Il punto sulla situazione, dati e prospettive della “seconda ondata”

All’inizio di questo difficile ma straordinariamente importante anno 2020, come ebbi modo di raccontare in un precedente intervento, Giulietto Chiesa, con la capacità intuitiva e di giudizio che lo contraddistinguevano, decise di raccogliere intorno a sé un gruppo di personalità indipendenti che si stavano rendendo conto con crescente chiarezza che qualcosa di molto grave stava per avvenire nel nostro mondo, dove la globalizzazione iniziava a mostrare il suo vero volto.

Si trattava dell’avvento – nelle sue parole – di una “transizione globale di sistema”.

I fatti gli hanno dato presto ragione e quella transizione, che molti di noi si aspettavano da un crash finanziario globale o da una guerra mondiale, è stata invece innescata da una pandemia globale.

Nasceva allora il Centro di Gravità, che si proponeva di affrontare con serietà ed impegno questa transizione globale.

Pertanto, quando è iniziata l’epidemia del Covid-19 – e con essa la martellante diffusione di dati incompleti, male interpretati, spesso contraddittori ma sempre mirati a terrorizzare ed a paralizzare la popolazione – si è deciso di intervenire con un documento che facesse chiarezza nel tourbillon di dati, statistiche contraddittorie, comparsate televisive di sedicenti “esperti”, interpretazioni contrastanti e continue giravolte sulla validità dei presidi sanitari, idrossiclorochina sì, idrossiclorochina no, plasma iperimmune sì, plasma iperimmune no, ventilazione artificiale sì, ventilazione artificiale no e via dicendo.

In particolare l’abbandono cui è stata condannata la classe medica, lasciata senza linee-guidasenza sufficienti reparti di terapia intensivasenza DPI, con informazioni contrastanti, con il divieto di curare secondo “scienza e coscienza”, con il divieto di fare autopsie, e addirittura di parlare pubblicamente se non per incensare il governo, ha fatto sì che molti medici e ricercatori si rendessero conto che qualcosa non andava nella narrazione ufficiale.

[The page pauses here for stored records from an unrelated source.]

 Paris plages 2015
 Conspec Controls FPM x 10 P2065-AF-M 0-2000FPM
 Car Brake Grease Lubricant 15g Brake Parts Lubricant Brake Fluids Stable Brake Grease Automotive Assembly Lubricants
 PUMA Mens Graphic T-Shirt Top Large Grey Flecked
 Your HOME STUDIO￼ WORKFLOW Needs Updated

Oggi sappiamo, infatti, che molti sono stati in questi mesi quelli che hanno rischiato personalmente salute e professione per salvare vite, cercando di far funzionare quella medicina del territorio che ha portato molti medici a salvare tutti i propri pazienti.

Ed è a loro che era specialmente rivolto il Piano di Chiarezza Scientifica che pubblicammo a maggio, cui aderirono ben presto oltre 1.000 professionisti tra associazioni e singoli medici e ricercatori.

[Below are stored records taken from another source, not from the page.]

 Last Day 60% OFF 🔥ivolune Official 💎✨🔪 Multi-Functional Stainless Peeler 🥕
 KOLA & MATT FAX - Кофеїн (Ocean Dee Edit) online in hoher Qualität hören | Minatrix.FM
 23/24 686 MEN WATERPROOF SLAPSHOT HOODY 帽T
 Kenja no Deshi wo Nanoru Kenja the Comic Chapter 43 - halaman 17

Ci proponemmo allora di seguire costantemente l’evoluzione della situazione con dei regolari aggiornamenti, grazie ad un gruppo di esperti indipendenti; per questo motivo pubblicammo successivamente, a luglio, un aggiornamento che intendeva analizzare quanto era nel frattempo cambiato sul campo.

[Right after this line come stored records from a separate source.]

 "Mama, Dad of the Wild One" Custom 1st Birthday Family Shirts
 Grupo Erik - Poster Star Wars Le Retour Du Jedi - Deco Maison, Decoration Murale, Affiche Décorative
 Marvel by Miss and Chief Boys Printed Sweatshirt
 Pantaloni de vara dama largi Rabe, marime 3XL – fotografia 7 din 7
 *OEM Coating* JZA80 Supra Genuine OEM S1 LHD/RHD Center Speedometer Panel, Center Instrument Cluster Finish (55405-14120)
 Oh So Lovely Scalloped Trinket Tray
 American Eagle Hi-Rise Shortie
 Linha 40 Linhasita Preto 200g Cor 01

Come, infatti, ormai ben sappiamo per esperienza, la situazione dell’epidemia – e delle relative azioni e reazioni a tutti i livelli – è in costante evoluzione e richiede un monitoraggio continuo.

Per questo motivo pubblichiamo oggi un secondo Piano di Chiarezza Scientifica, che entra molto più nel dettaglio della malattia e di quelle terapie che, nel frattempo, si sono dimostrate valide, senza però trascurare altre questioni di importanza sostanziale come la prevenzione, i test, il vaccino, la scuola, le responsabilità governative, la funzione dell’informazione.
Si tratta di un vero e proprio Vademecum per orientarsi nel labirinto della situazione attuale.